- ASSIGNED TASK: As written and without pictures, set down the lines from the one that contains "Camari Garden Hotel" through the end of the data.
AVAILABLE RECORDS section start
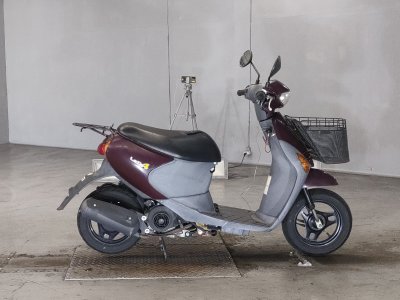 Suzuki LETS4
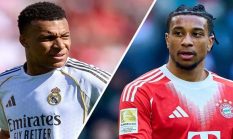 Prediksi Skor Real Madrid Vs Bayern Munchen Leg 1 Babak Perempatfinal Liga Champions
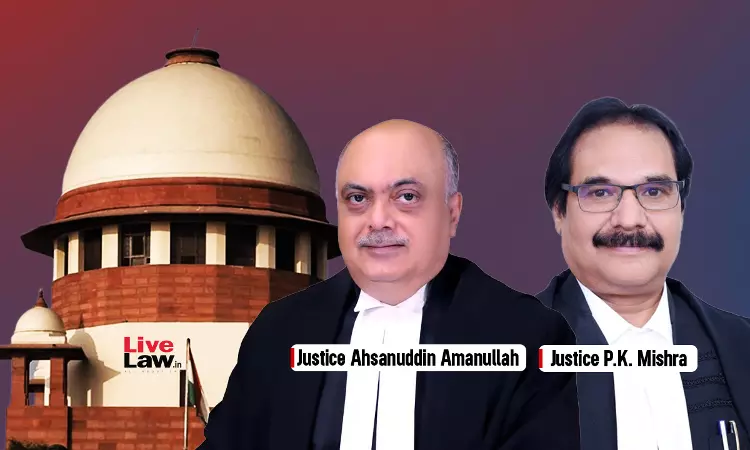 Getting Appointment Based On Forged Degree Certificate Is Uncondonable: Supreme Court Getting Appointment Based On Forged Degree Certificate Is Uncondonable: Supreme Court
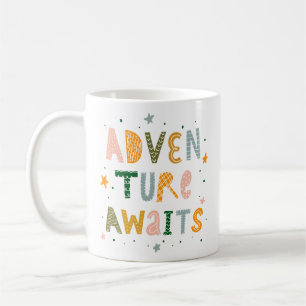 Mug Aventure Attend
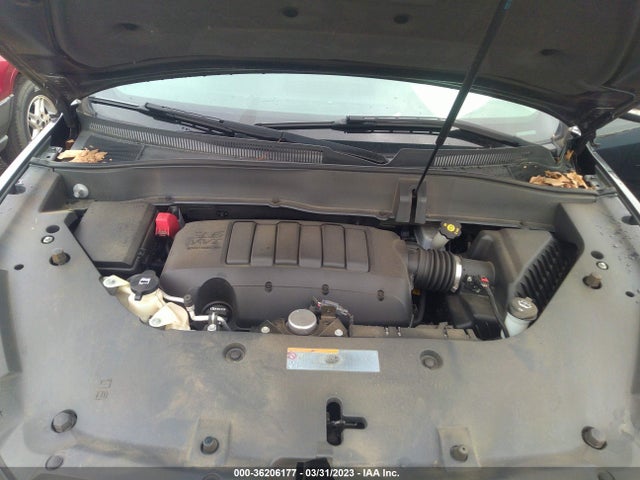 GMC ACADIA SLT 2015 1GKKVSKDXFJ102886 Image 10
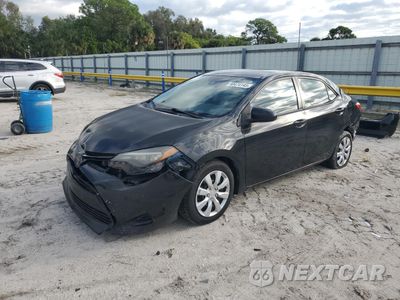 2017 TOYOTA COROLLA L 5YFBURHE6HP732832 - główne zdjęcie licytacji z USA - miniatura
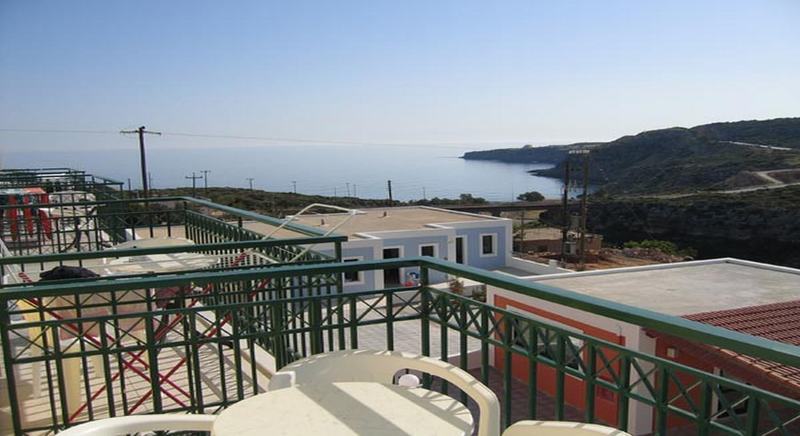 Camari Garden Hotel Apartments Gerani  Luaran gambar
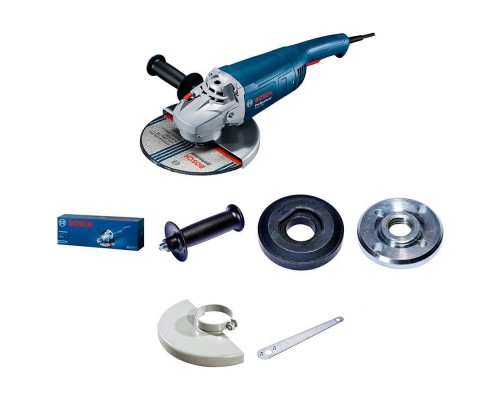Машина шлифовальная угловая Bosch GWS 2200-230 RSP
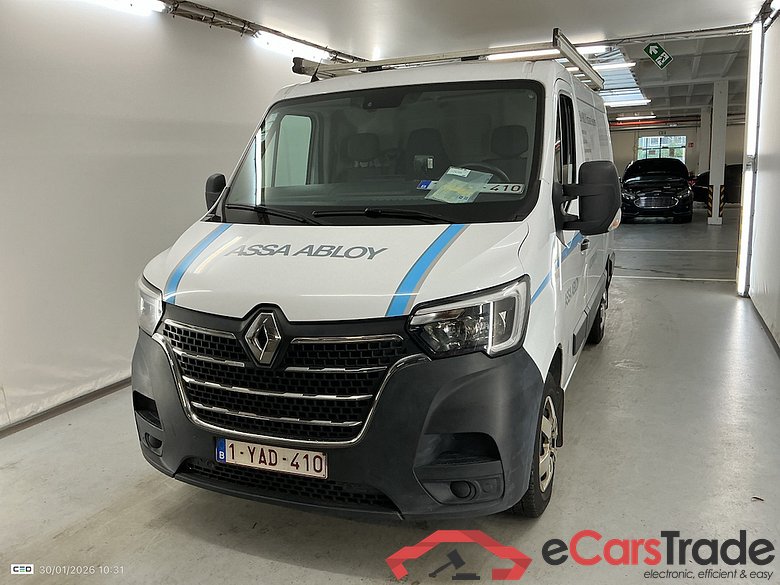 RENAULT Master 2.3 DCI 135 BLUE G CONFORT L1H1 33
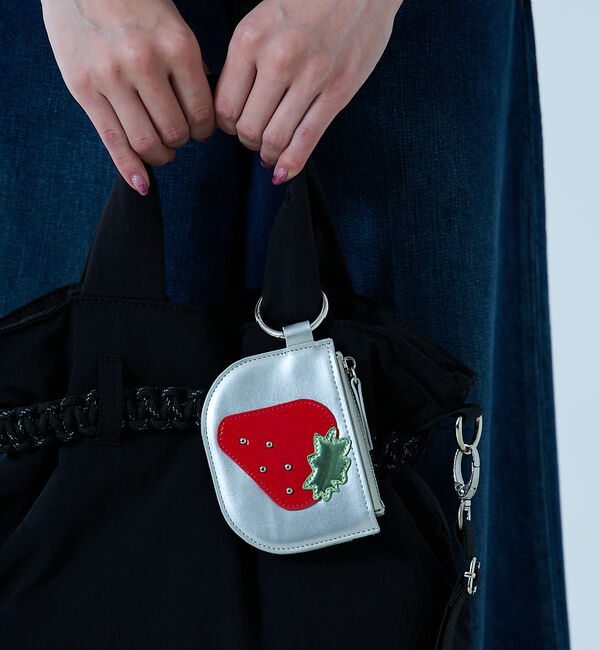 Rouge vif「【Casselini / キャセリーニ】モチーフコインケース」|財布|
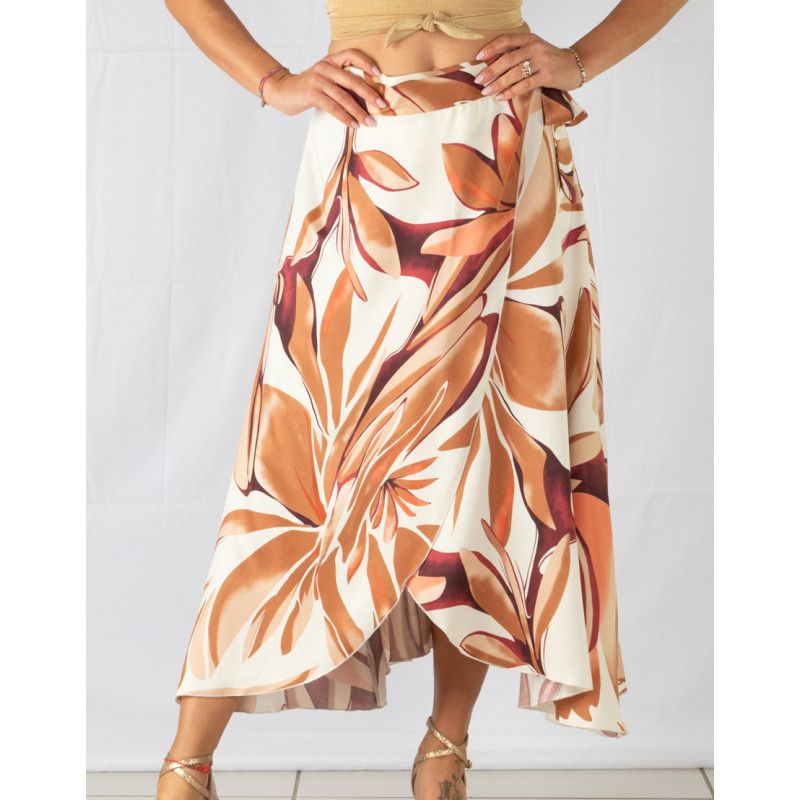Gonna Pareo Option 27 RossaSpina 1 - WEAR & MORE 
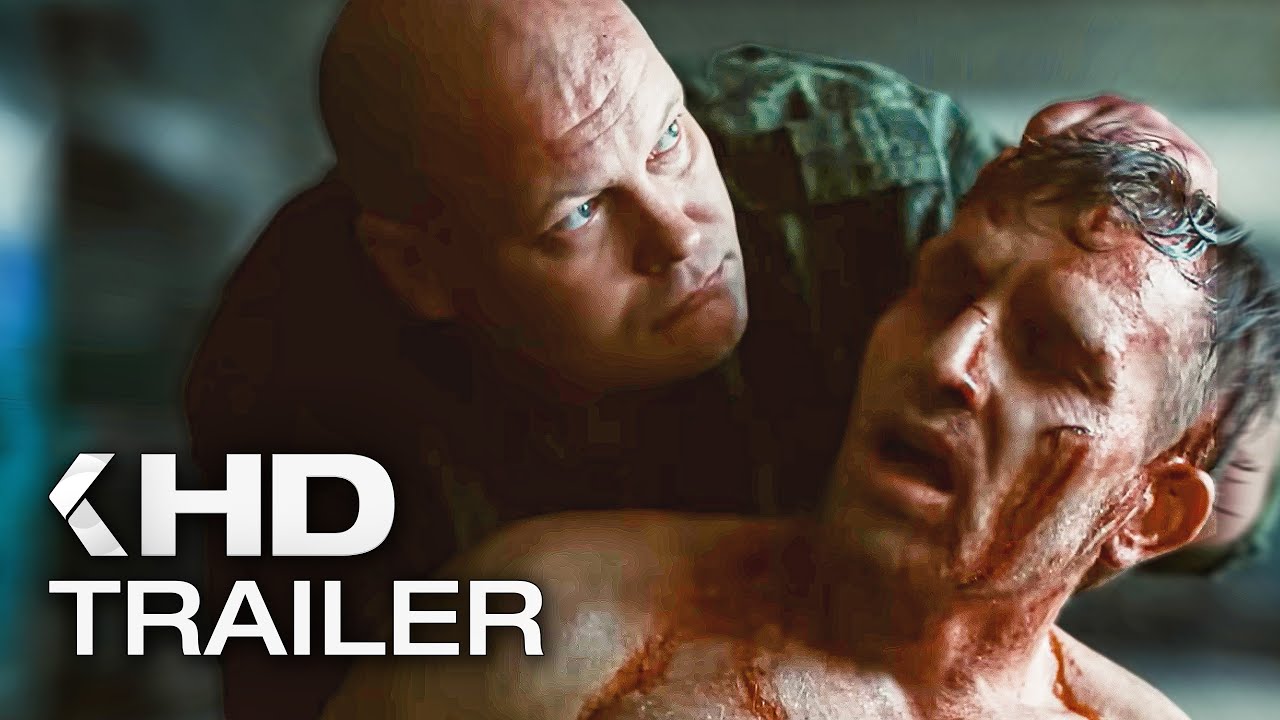 THE EASTERN GATE Trailer (2025)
AVAILABLE RECORDS section end
- EXPECTED ANSWER:
 Camari Garden Hotel Apartments Gerani  Luaran gambar
Машина шлифовальная угловая Bosch GWS 2200-230 RSP
 RENAULT Master 2.3 DCI 135 BLUE G CONFORT L1H1 33
 Rouge vif「【Casselini / キャセリーニ】モチーフコインケース」|財布|
Gonna Pareo Option 27 RossaSpina 1 - WEAR & MORE 
 THE EASTERN GATE Trailer (2025)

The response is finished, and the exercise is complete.